Logging best practices are a set of guidelines for writing, structuring, managing, and securing application logs to make them useful for debugging, monitoring, security, and compliance. Core practices include using structured formats, consistent log levels, contextual metadata, correlation IDs, sensitive data redaction, centralized log storage, and tiered retention policies.
Why is structured logging important?
Structured logging makes logs machine-readable and queryable at scale. A consistent JSON schema means logs can be filtered, searched, and alerted on without complex text parsing. Structured fields also make it easier to apply field-level redaction, enforce schemas across services, and correlate logs using shared identifiers like request IDs and trace IDs.
What should I include in application logs?
Every log entry should include: event name or message, log level, timestamp (UTC, ISO 8601), service name, environment, request ID or correlation ID, trace ID and span ID (if using OpenTelemetry), and any relevant business context such as user ID, order ID, or job ID. Avoid including sensitive values in any of these fields.
What should I avoid logging?
Never log passwords, tokens, session cookies, API keys, private keys, payment card data, raw request bodies without redaction, or personally identifiable information.
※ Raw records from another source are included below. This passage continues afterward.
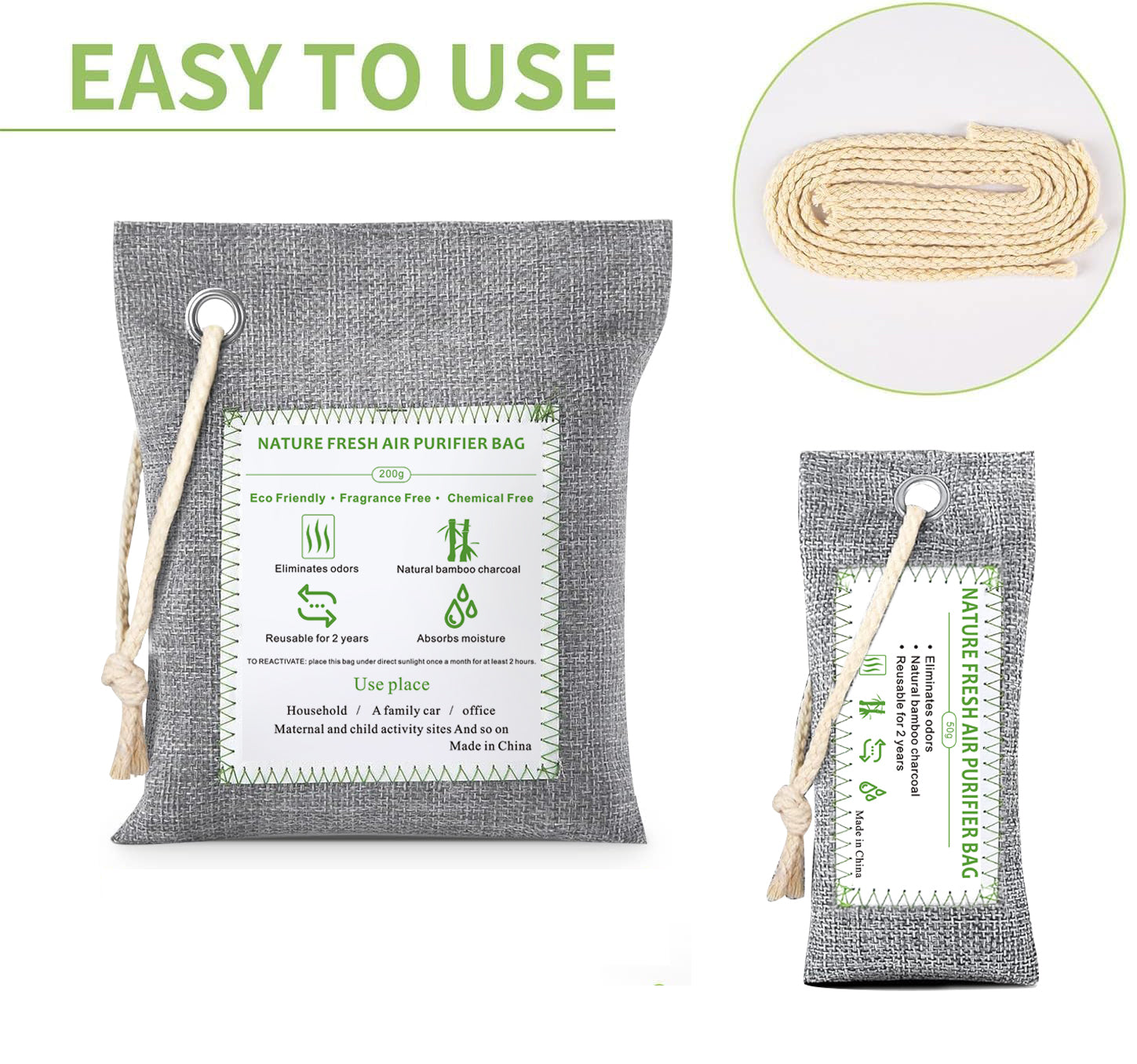 Zooly 6 x 50 g sacs de purification de l'air en bambou, sacs en charbon actif, absorbeur d'odeurs, absorbeur d'humidité, désodorisant d'auto naturel, désodorisant pour chaussures, éliminateurs d'odeurs pour la maison, pour animaux, pour placard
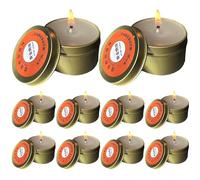 10pcs Bougies De Survie Longue Durée, Bougies D'urgence Dans Une Boîte Métallique, Bougies Sans Fumée Non Parfumées, Source Lumineuse Idéale Pour La Prévention Des Catastrophes, Le Camping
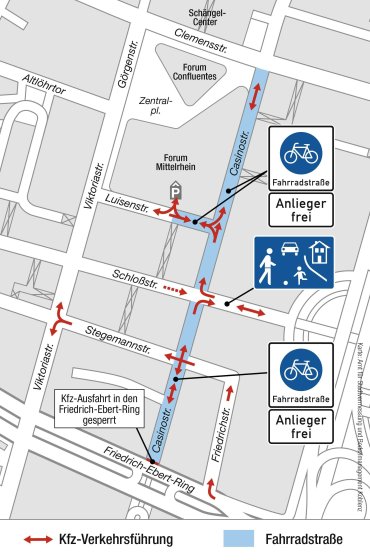 Fahrradstraße Casinostraße Karte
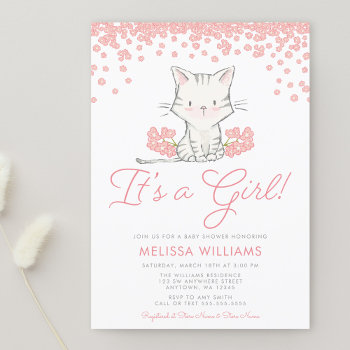 Pink Flowers Kitten Girl Baby Shower Invitation by printcreekstudio at Zazzle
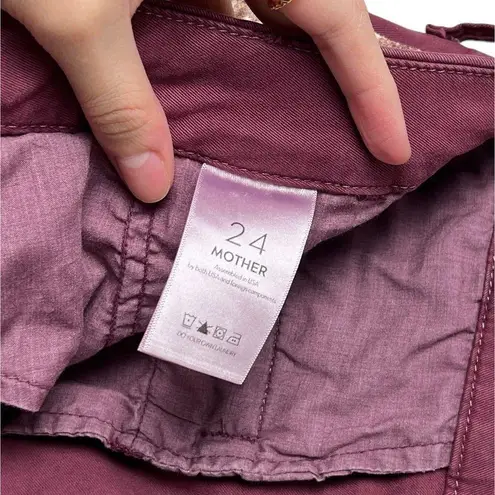 mother the shaker prep fray killing time maroon rose gold stripe trousers pants Red Size 24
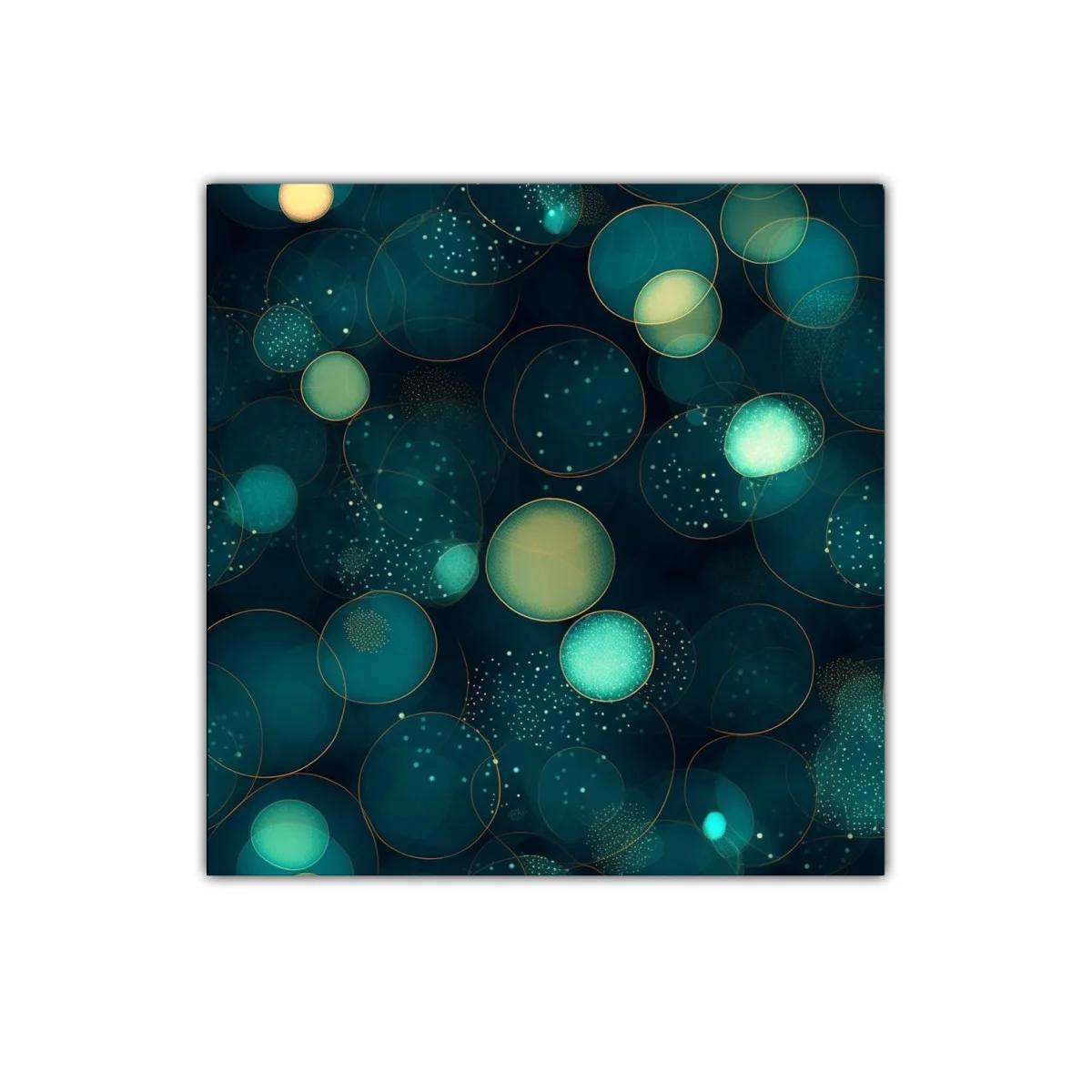 Composición abstracta de círculos brillantes en tonos azul y verde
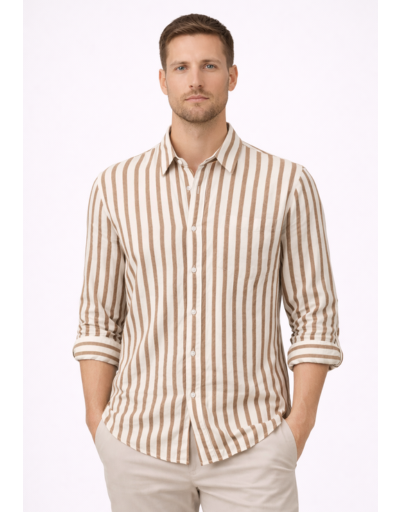 Chemise homme à rayures verticales – col classique et poche poitrine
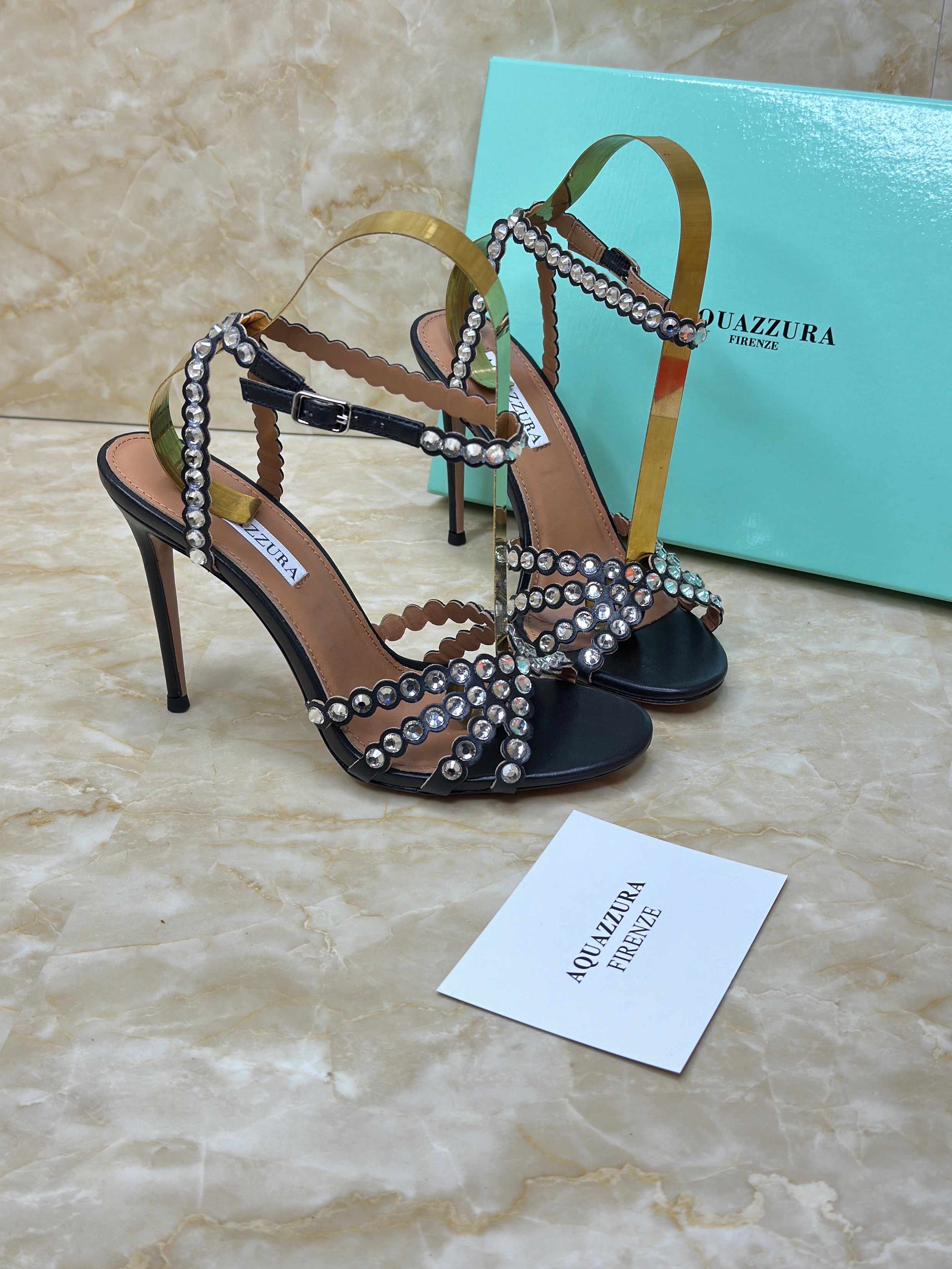 Aquazzura Tequila 105 crystal-embellished nappa leather sandals in black. image 1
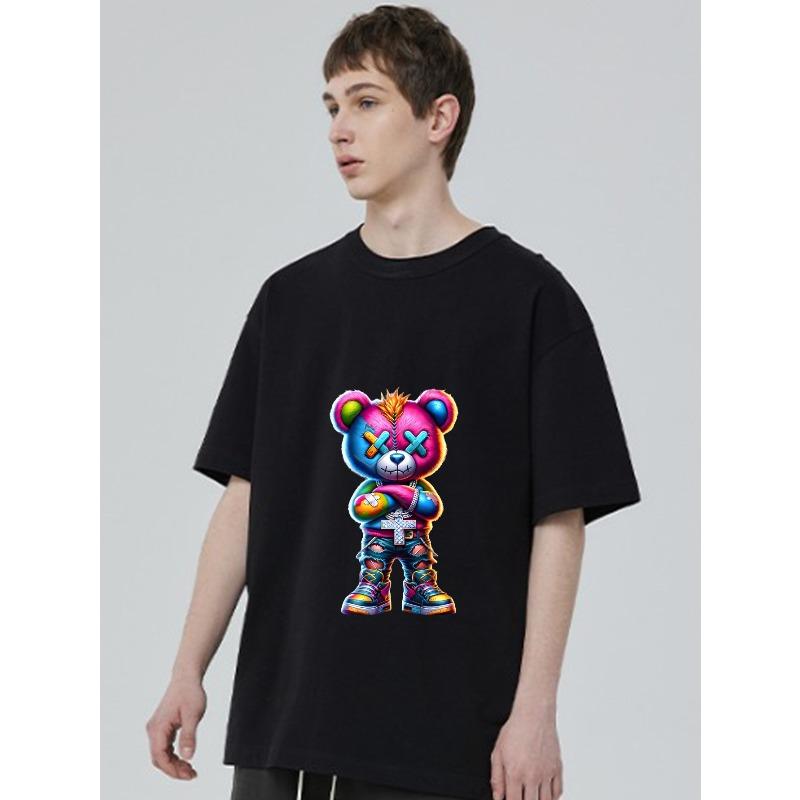 Унисекс Футболка Оверсайз Черная Принт Граффити Медведь Kaws Уличная Мода Повседневная Одежда для Мужчин и Женщин Художественный Дизайн Тренд Сезонная Вещь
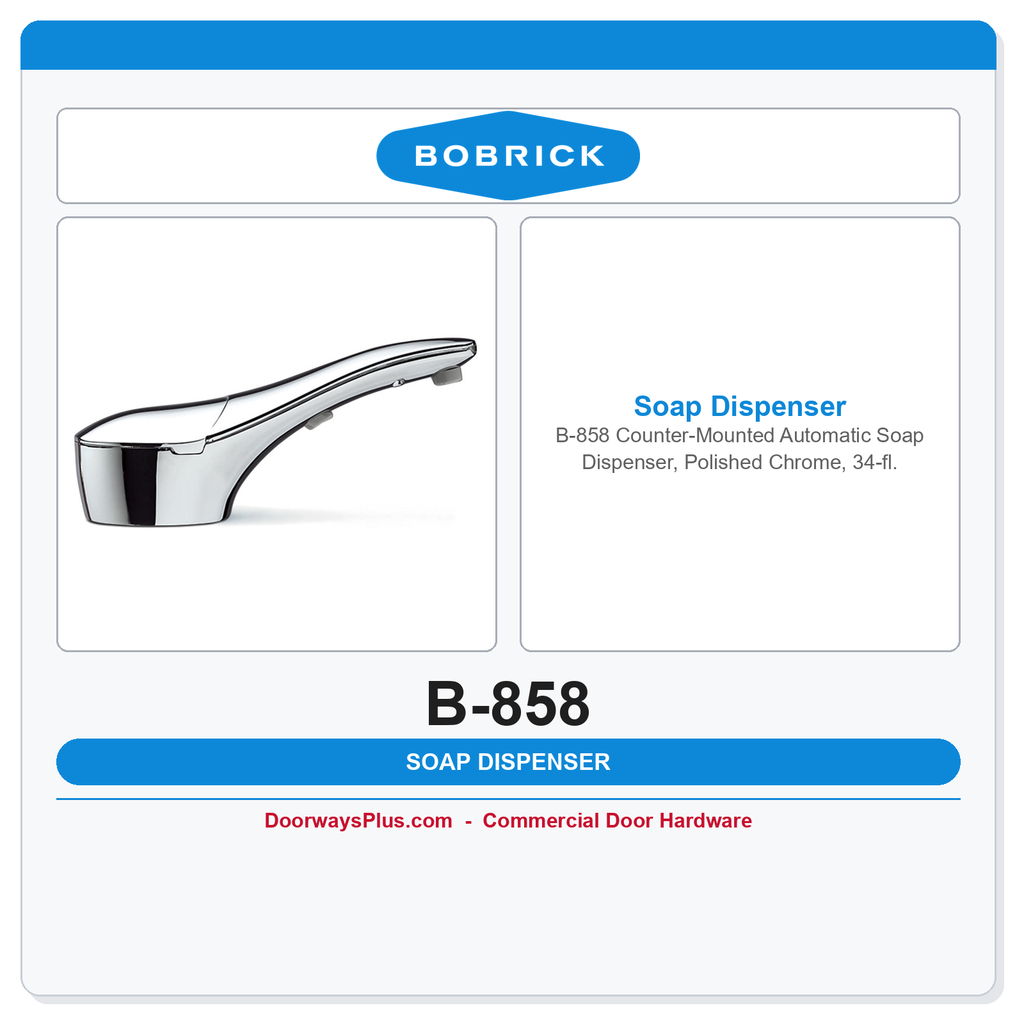 Bobrick B-858 Counter-Mounted Automatic Soap Dispenser, Polished Chrome, 34-fl. Oz.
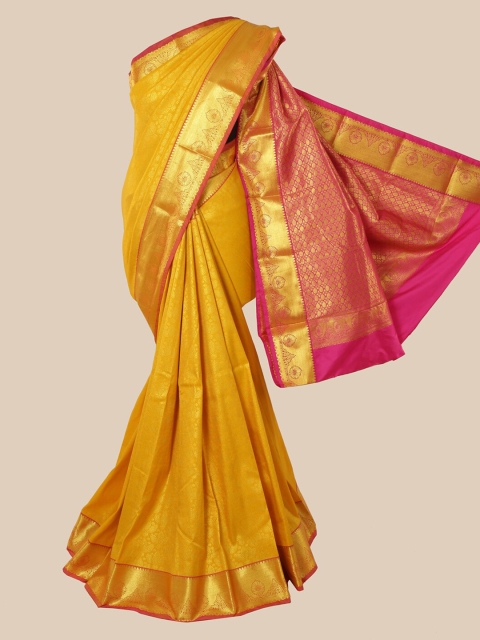 Pothys Yellow & Pink Woven Design Zari Silk Blend Saree
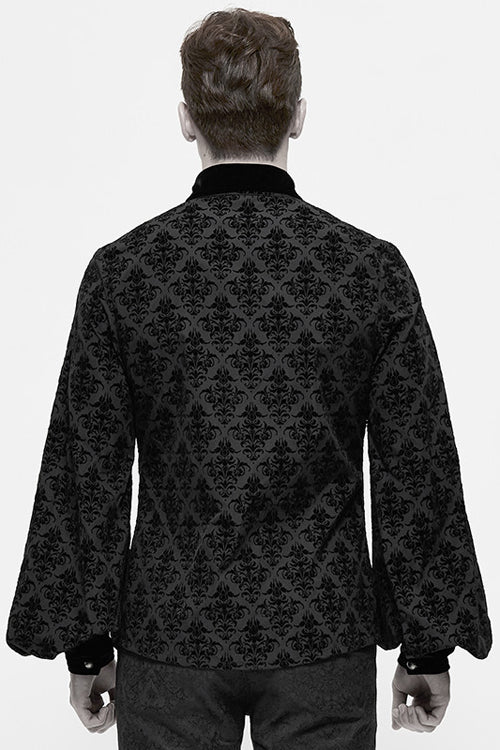 Men's Gothic Blouse with Court Pattern, Flocking and Lantern Sleeves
Also avoid logging excessive trivial events, duplicate log lines at multiple levels, and high-frequency health check requests that are always successful.
What is the difference between logs, metrics, and traces?
Logs capture individual events with detailed context. Metrics capture aggregate measurements over time—request rates, error rates, CPU usage. Traces capture the full path of a single request across services. Together they form the three pillars of observability. Each answers a different type of question: logs answer "what happened?", metrics answer "how much?", and traces answer "where did it slow down?"